Mandatory Takeover at Discount Signals Strategic Consolidation at Maxim Global Bhd

Mandatory Takeover at Discount Signals Strategic Consolidation at Maxim Global Bhd

A recent mandatory takeover offer for shares in Maxim Global Bhd highlights how controlling shareholders can strengthen their grip on listed property companies — even when the offer price sits below prevailing market levels.

The offer was initiated by managing director Gan Seong Liam at 24 sen per share, representing a noticeable discount compared to the company’s recent trading price of 27 sen. This pricing also falls below the stock’s volume-weighted average prices across multiple timeframes, signalling that the move is driven more by regulatory compliance and long-term positioning rather than immediate market appeal.

What Triggered the Offer

The mandatory general offer (MGO) was triggered after Gan acquired a 15.54% stake from Chai Chang Guan and Chai Seong Min for RM27.42 million. This transaction lifted his direct stake to 37.33%.

When combined with holdings by his children — Gan Kuok Chyuan and Gan Kuok Wei — the family’s collective control rose to 60.37%. Crossing this threshold under Malaysian listing rules requires a mandatory offer to remaining shareholders, which could cost close to RM70 million if fully accepted.

Strategic Intent: Control Without Delisting

Despite increasing ownership, the offerors have stated their intention to maintain the company’s listing status on the Main Market. This is a key signal: the move is not about taking the company private, but about consolidating control while preserving access to capital markets.

For investors, this creates a nuanced situation:

  • The discounted offer price may discourage acceptance.
  • Majority control remains firmly with the founding family.
  • Minority shareholders may continue holding, anticipating long-term value rather than short-term exit.
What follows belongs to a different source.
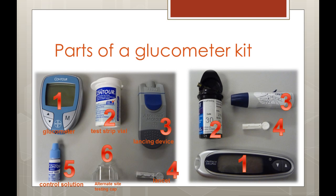Other materials that may be included with a glucometer include a bottle of control solution, an alternate site testing cap, and the carrying case.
Financial Position Strengthens the Narrative

Maxim Global Bhd has shown a turnaround trajectory since returning to profitability in FY2021. By FY2025, the group recorded:

  • Net profit: RM33.44 million
  • Revenue: RM443.78 million

At a market capitalisation of approximately RM224 million, the company sits in the small-cap segment, where ownership concentration and strategic control often play a larger role than market liquidity.


What I Learned

This development offers several practical insights into Malaysia’s listed property sector:

1. Mandatory offers are regulatory, not always value-driven
An MGO can be triggered by shareholding thresholds rather than a belief that the offer price reflects fair value. That’s why the 24 sen offer comes at a discount.

2. Control matters more than price in strategic acquisitions
For controlling shareholders like Gan Seong Liam, increasing influence over corporate direction can outweigh short-term pricing considerations.

3. Listed status remains valuable
Maintaining a Main Market listing suggests the company still values visibility, credibility, and potential fundraising flexibility — especially relevant for property developers.

4. Family-led ownership structures are common
The involvement of Gan’s children as executive directors reflects a broader trend in Malaysian property firms, where leadership and ownership are closely linked.

5. Minority shareholders face a strategic choice
They can either accept a lower-priced exit or stay invested in a company now more tightly controlled by a single shareholder group.


Overall, this episode reinforces how corporate actions in Malaysia’s property sector often revolve around ownership consolidation, regulatory compliance, and long-term positioning — not just market pricing dynamics.